Two Protein Kinases, CPK4 and CPK11, Phosphorylate both ABF1 and ABF4. The 3-week-old seedlings of the different genotypes were sprayed with 0 or 50 μM (±)ABA solution and were sampled 1 h after the spraying. The quantity of the total proteins, prepared from leaves and used in each lane of the following assays, was 50 μg. Tubulin was used as a protein loading control. (A) and (B) Mapping of protein kinases phosphorylating ABF1 (A) and ABF4 (B). The recombinant ABF1 or ABF4 (0.5 mg/mL) was embedded in the separating polyacrylamide SDS gel. Total proteins from wide-type Col and the cpk4-1 cpk11-2 double mutant were separated on the gel and assayed to in-gel phosphorylate the two substrates. At the same time after electrophoresis, gels harboring the total proteins from the ABA-free-treated wild-type plants (other gels than those for phosphorylation) were used to detect immunosignals with anti-CPK4^C serum to provide a reference for the position of the CPK4/CPK11 proteins in the lanes of phosphorylation (58 kD CPK4/CPK11). −ABA and +ABA indicate the treatments with 0 or 50 μM (±)ABA, respectively.

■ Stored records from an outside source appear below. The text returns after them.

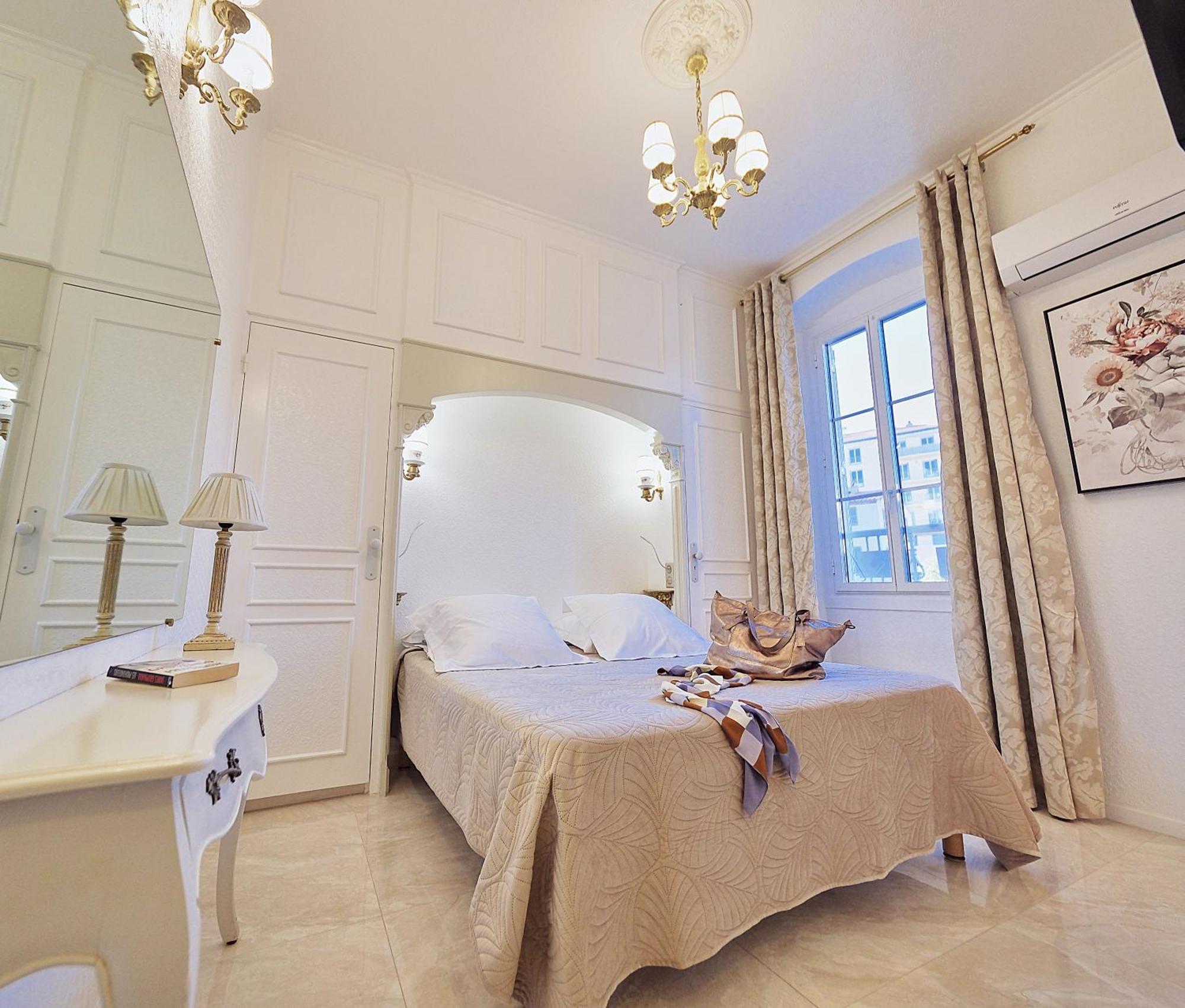 Le Magnolia Hotel Calvi  Bagian luar foto
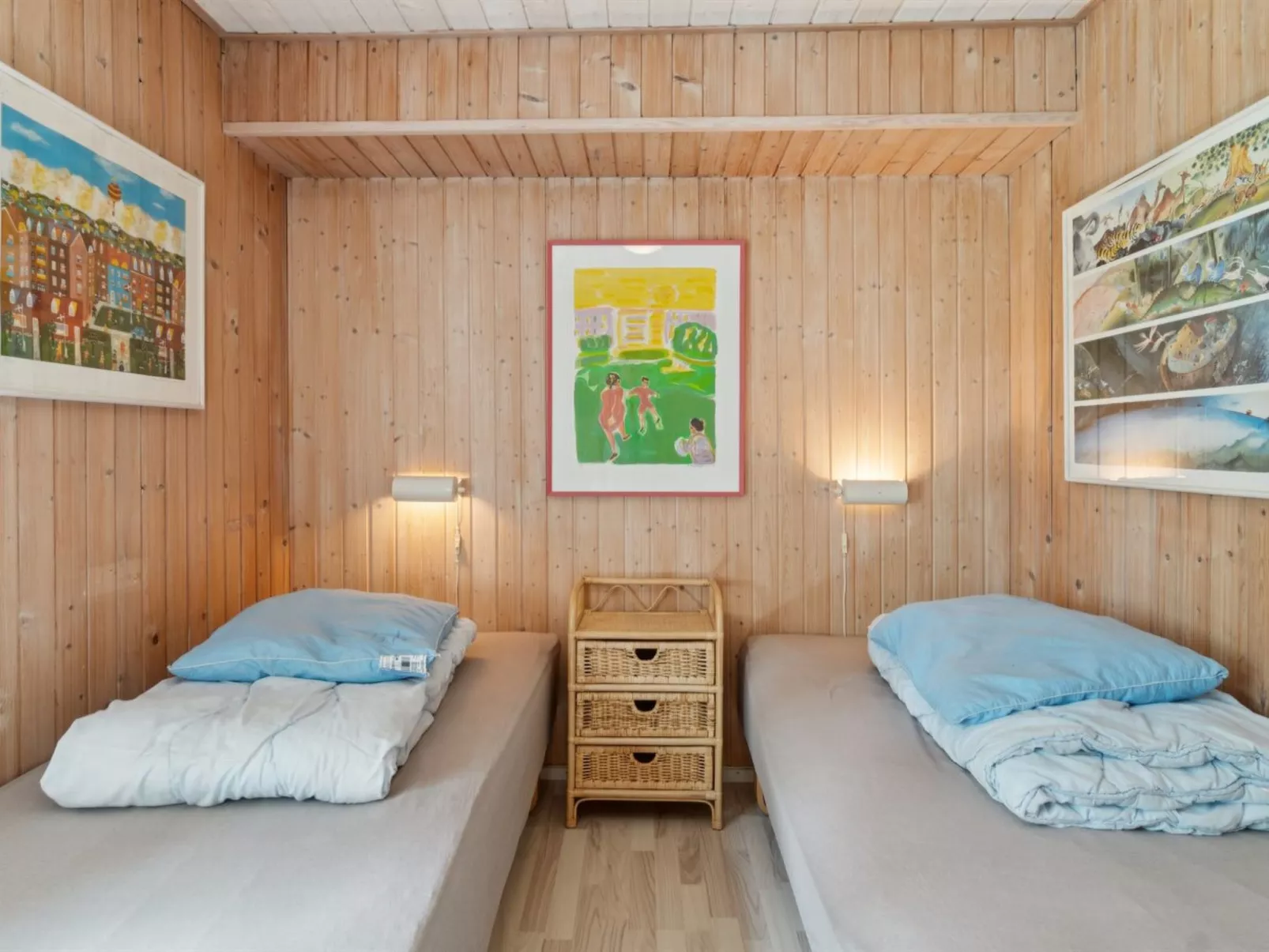 "Tom" - 125m from the sea-Inside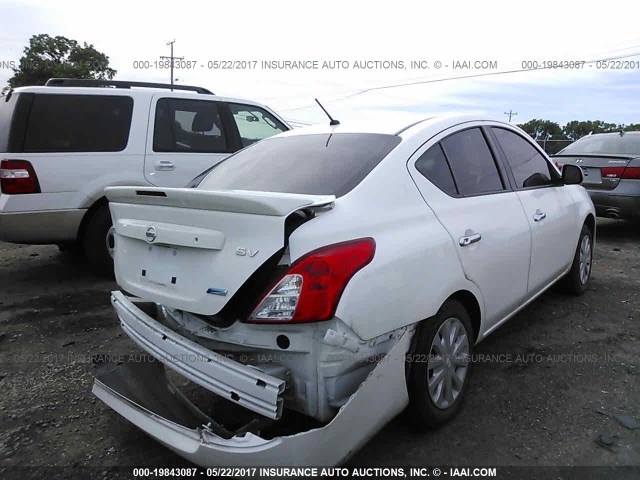 3N1CN7AP1EL822113 - 2014 NISSAN VERSA S/S PLUS/SV/SL WHITE photo 4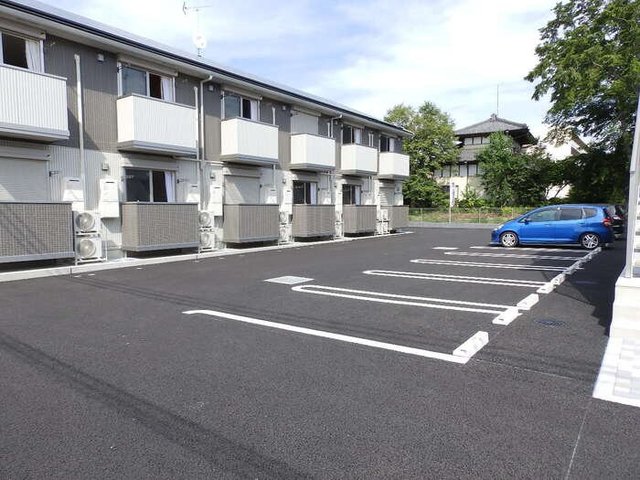 駐車場　敷地内駐車スペース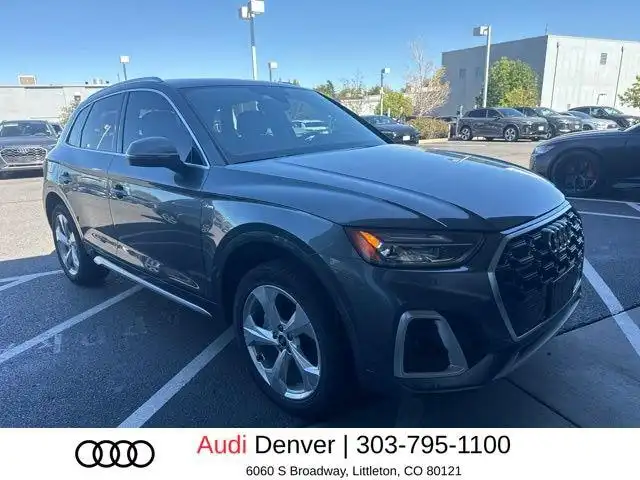 2023 Audi Q5 45 Premium Plus's photo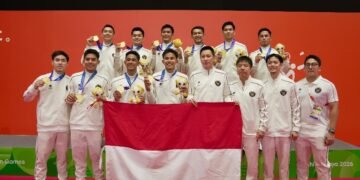 Menpora RI Erick Thohir mengapresiasi tim bulu tangkis beregu putra Indonesia yang berhasil menyumbangkan medali emas pertama di Asian Games 2026 Aichi-Nagoya, Kamis (24/9).(foto:Gilang/kemenpora.go.id)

The assays were repeated three times with the same results. (C) and (D) Phosphorylation of ABF1 (C) or ABF4 (D) by CPK4 and CPK11. The mixed proteins of two kinases (CPK4 + CPK11 in Col) were obtained by immunoprecipitation with anti-CPK4^C serum from the total proteins of wild-type Col, and the pure CPK11 (CPK11 in cpk4-1) and CPK4 (CPK4 in cpk11-2) were immunoprecipitated with the anti-CPK11^C serum from the total proteins of cpk4-1 mutant and with anti-CPK4^C serum from the total proteins of cpk11-2 mutant, respectively. The total proteins from the double mutant cpk4-1 cpk11-2 were also immunoprecipitated with anti-CPK4^C serum for obtaining background in cpk4-1 cpk11-2 as a negative control to show the absence of activity other than CPK4/11 in these assays. The ABF1 and ABF4 were in-gel phosphorylated by the immunoprecipitated proteins as described in (A) and (B). Top panels (columns) represent the relative band intensities of the phosphorylated ABF1 or ABF4 shown in middle panels, normalized relative to the corresponding intensity of the wild-type Col with 0 μM (±)ABA treatment (100%). Values are the means ± se from three biological independent experiments. Immunoblotting for tubulin (bottom panels) was performed with the total proteins prior to the immunoprecipitation. The − and + indicate the treatments with 0 and 50 μM (±)ABA, respectively.

Figure 7.

Expression of ABA-Responsive Genes in the CPK4 and CPK11 Loss-of-Function Mutants and Overexpressing Lines. Expression of ABA-responsive genes was assayed by real-time PCR in the leaves of wild-type Col, cpk4-1, and cpk11-2 mutants, the cpk4-1 cpk11-2 double mutant, and two lines overexpressing CPK4 (4OE12) or CPK11 (11OE2). −ABA, ABA-free treatment; +ABA, 50 μM (±)ABA treatment. The expression levels are presented as relative units with the levels of ABA-treated Col leaves being taken as 100%. Each value is the mean ± se of three independent biological determinations.